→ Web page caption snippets
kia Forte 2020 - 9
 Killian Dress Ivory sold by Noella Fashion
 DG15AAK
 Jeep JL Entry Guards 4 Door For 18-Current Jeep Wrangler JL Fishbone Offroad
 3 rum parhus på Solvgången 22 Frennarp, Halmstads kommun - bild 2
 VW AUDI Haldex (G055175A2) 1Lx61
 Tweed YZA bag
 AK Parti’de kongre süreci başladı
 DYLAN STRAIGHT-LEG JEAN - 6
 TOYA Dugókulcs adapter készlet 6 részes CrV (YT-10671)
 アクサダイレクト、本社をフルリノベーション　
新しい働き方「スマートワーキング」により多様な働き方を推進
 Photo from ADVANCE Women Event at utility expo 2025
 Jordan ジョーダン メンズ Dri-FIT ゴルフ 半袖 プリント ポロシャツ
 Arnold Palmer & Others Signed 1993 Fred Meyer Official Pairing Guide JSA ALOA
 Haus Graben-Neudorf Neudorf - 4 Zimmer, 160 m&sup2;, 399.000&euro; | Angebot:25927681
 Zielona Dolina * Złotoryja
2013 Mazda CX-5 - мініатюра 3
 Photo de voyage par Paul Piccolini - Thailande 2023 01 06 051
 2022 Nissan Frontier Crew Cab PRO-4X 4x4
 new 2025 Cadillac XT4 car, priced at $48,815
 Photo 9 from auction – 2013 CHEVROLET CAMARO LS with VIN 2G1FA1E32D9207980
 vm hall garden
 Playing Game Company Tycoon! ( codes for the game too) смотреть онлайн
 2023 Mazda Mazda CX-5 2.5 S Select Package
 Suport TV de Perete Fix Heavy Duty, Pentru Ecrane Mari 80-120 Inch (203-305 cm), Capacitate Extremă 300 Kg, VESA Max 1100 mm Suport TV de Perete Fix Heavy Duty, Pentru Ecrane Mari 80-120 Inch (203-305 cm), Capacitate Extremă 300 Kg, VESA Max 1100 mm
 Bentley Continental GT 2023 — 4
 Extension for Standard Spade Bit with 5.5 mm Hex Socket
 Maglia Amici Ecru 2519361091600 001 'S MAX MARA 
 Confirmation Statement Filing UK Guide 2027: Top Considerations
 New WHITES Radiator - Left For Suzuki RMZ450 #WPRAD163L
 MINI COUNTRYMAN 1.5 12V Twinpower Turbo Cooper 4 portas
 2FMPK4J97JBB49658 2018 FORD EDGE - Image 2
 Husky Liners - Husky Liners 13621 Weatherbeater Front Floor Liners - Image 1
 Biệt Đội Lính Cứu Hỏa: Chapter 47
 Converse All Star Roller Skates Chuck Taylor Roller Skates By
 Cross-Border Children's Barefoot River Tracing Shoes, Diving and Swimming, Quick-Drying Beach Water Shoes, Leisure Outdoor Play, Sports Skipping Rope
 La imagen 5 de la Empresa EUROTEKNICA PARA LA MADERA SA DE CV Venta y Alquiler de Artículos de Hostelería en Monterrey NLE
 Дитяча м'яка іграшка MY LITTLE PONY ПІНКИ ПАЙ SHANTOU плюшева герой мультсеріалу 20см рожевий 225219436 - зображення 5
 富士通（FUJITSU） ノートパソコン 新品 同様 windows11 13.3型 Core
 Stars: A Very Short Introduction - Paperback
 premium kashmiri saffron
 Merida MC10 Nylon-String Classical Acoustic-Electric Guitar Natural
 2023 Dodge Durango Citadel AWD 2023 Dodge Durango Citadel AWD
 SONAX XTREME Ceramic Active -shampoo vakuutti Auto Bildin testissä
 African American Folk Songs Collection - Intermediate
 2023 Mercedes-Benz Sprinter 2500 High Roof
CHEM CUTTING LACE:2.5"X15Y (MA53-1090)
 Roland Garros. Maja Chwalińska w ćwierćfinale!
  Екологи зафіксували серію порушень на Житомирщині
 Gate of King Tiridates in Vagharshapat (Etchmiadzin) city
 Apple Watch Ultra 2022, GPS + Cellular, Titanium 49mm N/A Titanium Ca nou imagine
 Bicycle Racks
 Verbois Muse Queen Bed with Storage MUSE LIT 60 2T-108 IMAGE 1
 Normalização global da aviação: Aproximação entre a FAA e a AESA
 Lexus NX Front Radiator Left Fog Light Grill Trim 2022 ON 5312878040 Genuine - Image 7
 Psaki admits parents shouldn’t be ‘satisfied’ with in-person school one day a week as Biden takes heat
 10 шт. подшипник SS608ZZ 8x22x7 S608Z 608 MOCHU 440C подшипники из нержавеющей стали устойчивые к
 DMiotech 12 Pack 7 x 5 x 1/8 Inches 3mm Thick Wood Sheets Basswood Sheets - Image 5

→ Your instructions
Where does "Photo" appear in the records above? Copy every line that has it.

→ Exercise answer
 Photo from ADVANCE Women Event at utility expo 2025
 Photo de voyage par Paul Piccolini - Thailande 2023 01 06 051
 Photo 9 from auction – 2013 CHEVROLET CAMARO LS with VIN 2G1FA1E32D9207980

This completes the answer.